## Work item
Return the records exactly as they stand, and keep the pictures out of the copy.

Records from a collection
"""

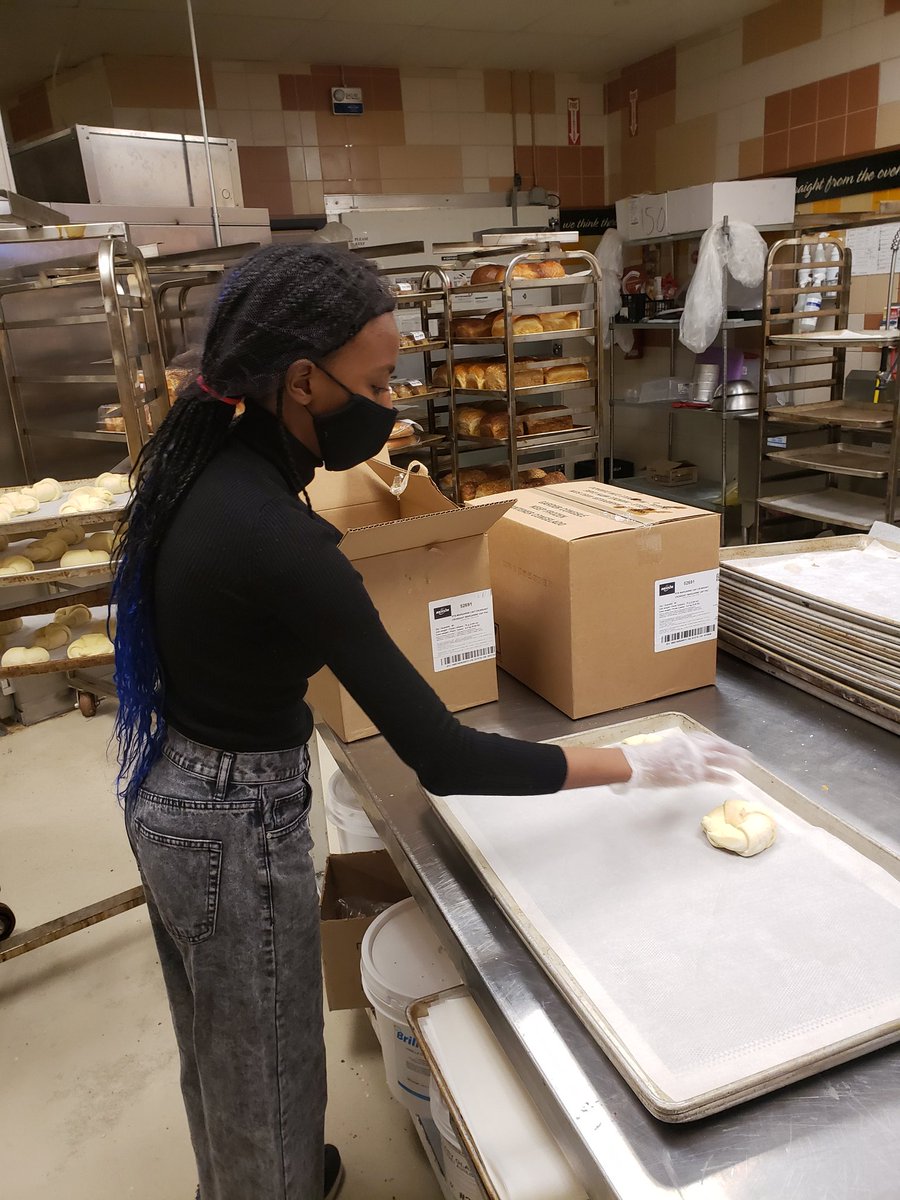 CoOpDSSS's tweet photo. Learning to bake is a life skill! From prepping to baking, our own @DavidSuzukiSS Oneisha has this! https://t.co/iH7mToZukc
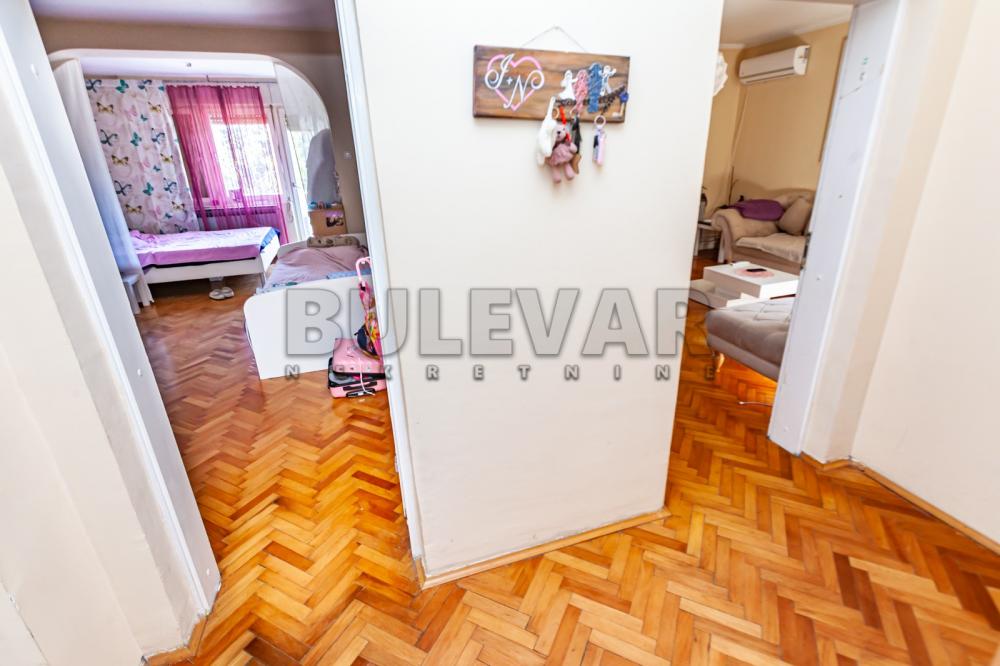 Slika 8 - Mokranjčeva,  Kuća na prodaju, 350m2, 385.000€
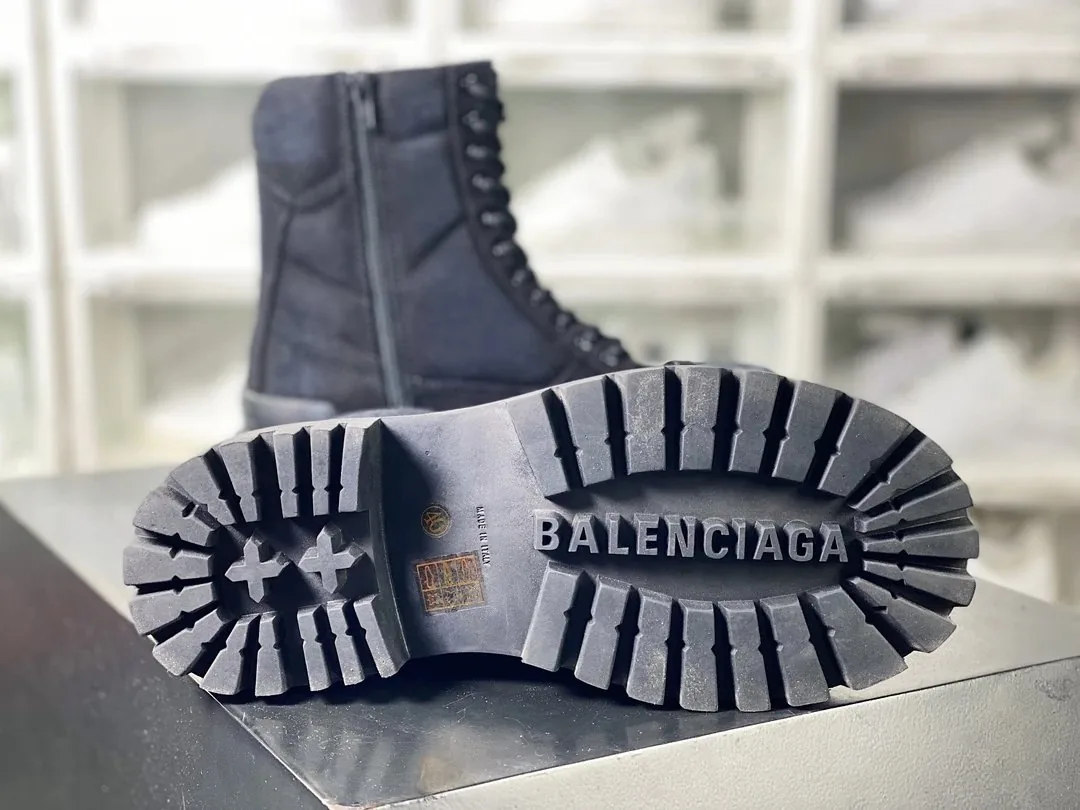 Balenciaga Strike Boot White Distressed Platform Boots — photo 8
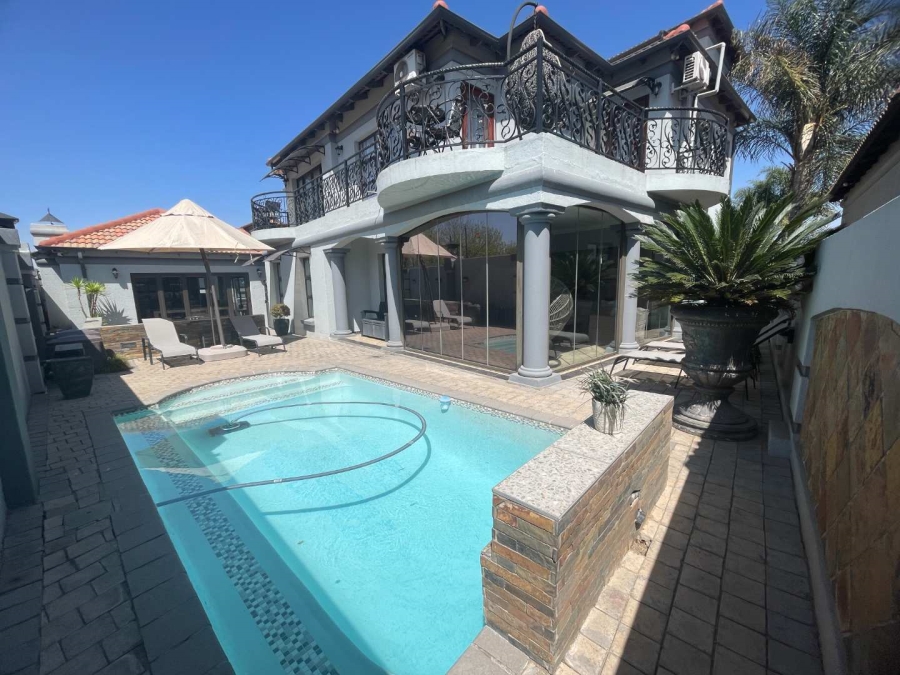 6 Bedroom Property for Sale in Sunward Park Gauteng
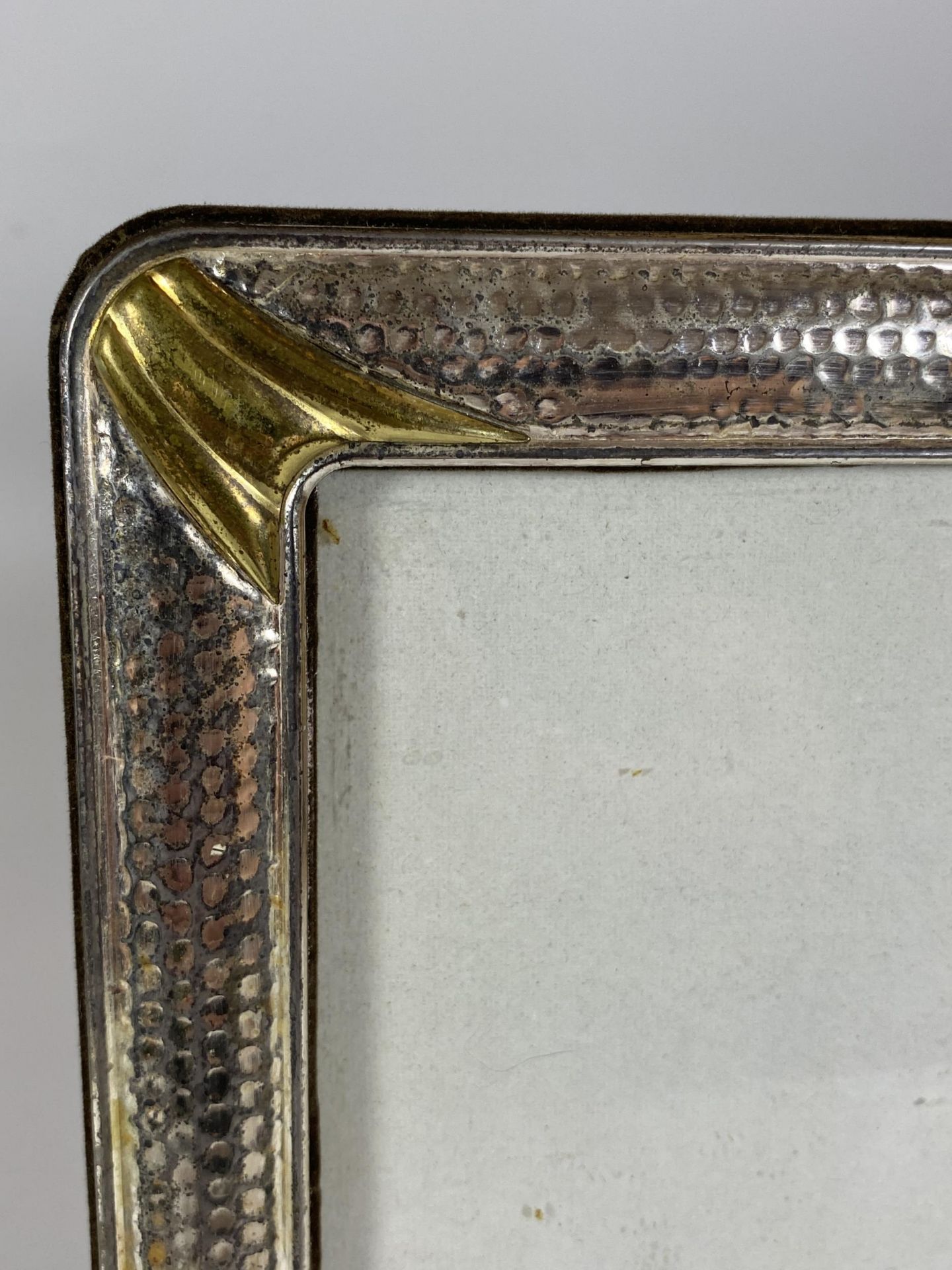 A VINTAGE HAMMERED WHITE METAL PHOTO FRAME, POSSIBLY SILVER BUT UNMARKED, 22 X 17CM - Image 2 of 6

"""

## Solution
 CoOpDSSS's tweet photo. Learning to bake is a life skill! From prepping to baking, our own @DavidSuzukiSS Oneisha has this! https://t.co/iH7mToZukc
 Slika 8 - Mokranjčeva,  Kuća na prodaju, 350m2, 385.000€
 Balenciaga Strike Boot White Distressed Platform Boots — photo 8
 6 Bedroom Property for Sale in Sunward Park Gauteng
 A VINTAGE HAMMERED WHITE METAL PHOTO FRAME, POSSIBLY SILVER BUT UNMARKED, 22 X 17CM - Image 2 of 6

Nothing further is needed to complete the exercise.